Our host is an older woman named Cristina.  She was born and raised in San Cristobal - she lives in the same house she was raised in!  She is a FANTASTIC cook, and we are going to be fat(-ter) by the end of our two weeks staying with her.  With this homestay, all of our meals are included, which means she cooks breakfast, lunch, and dinner for us daily.  Honestly, the price is ridiculously inexpensive - it's cheaper than anything we found in Guatemala and Colombia as well - and we really wanted to start learning Spanish so that we can communicate better with people we are meeting.  We had talked about flying to Colombia from San Cristobal to do classes, but this was a great deal and it's worked out well so far.  Her home is very nice - she has a pretty large garden for being pretty close to the center of the city, and she has an apple tree, peach tree, avocado tree, lime tree, tomato plants, etc.  While a lot of it is not completely in season right now, a lot of fruits and vegetables are grown close to San Cristobal and you can get fresh, delicious produce no matter the time of year.  She made a nopales (cactus) pico de gallo on Sunday, and it was delicious.  I'm not the biggest fan of nopales in the US, the texture is usually slimy to me, but hers was crunchy, really good, and not mushy at all.  Same with papaya - I usually find the texture to be awful, but it's been decent at her house.  The mangos have been perfect, too.
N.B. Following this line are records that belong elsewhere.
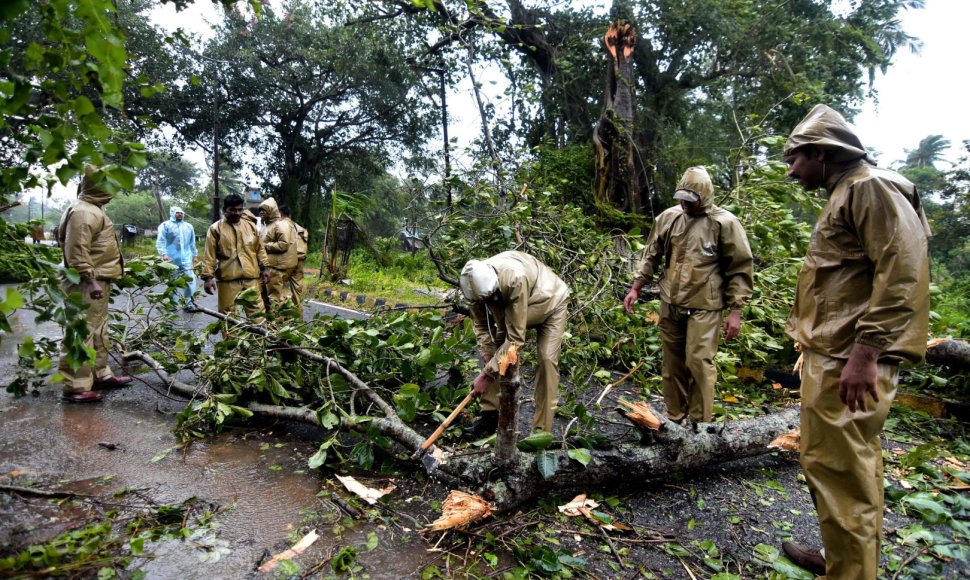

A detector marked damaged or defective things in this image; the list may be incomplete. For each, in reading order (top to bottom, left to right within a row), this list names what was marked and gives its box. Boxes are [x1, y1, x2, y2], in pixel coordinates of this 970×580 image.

splintered wood [500, 344, 516, 376]
splintered wood [616, 402, 660, 428]
splintered wood [768, 426, 796, 454]
splintered wood [428, 490, 496, 532]
splintered wood [258, 532, 318, 572]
Since we're at Cristina's and in classes for two weeks, we're trying to get ourselves into a bit more of a routine than we have been used to over the past month and a half.  With this homestay, she keeps to a pretty regular schedule for meals (with our input!) - breakfast is at 8:00am, lunch at 2:00pm, dinner at 7:30pm.  Because of this, we're hoping to try and keep to this, for the most part:

  • 8:00am - desayuno con Cristina
  • 9:00am-12:00noon - la clase de espanol
  • 12:00noon-1:30pm - exercise - this includes walking (Melissa)/running (Adam) up this STEEP staircase to one of the many churches. It's not the legs that get you here, it's the thin air
  • 1:30pm-3:30pm - almuerza con Cristina, relax
  • 3:30pm-7:30pm - go to one of the many coffee shops in San Cristobal and review Spanish, do homework, etc.
  • 7:30pm - cena con Cristina
  • 8:00pm - relax and review Spanish vocabulary

Steps to Iglesia de Guadalupe.
These are not the steps we run, they're a piece of cake compared to that one.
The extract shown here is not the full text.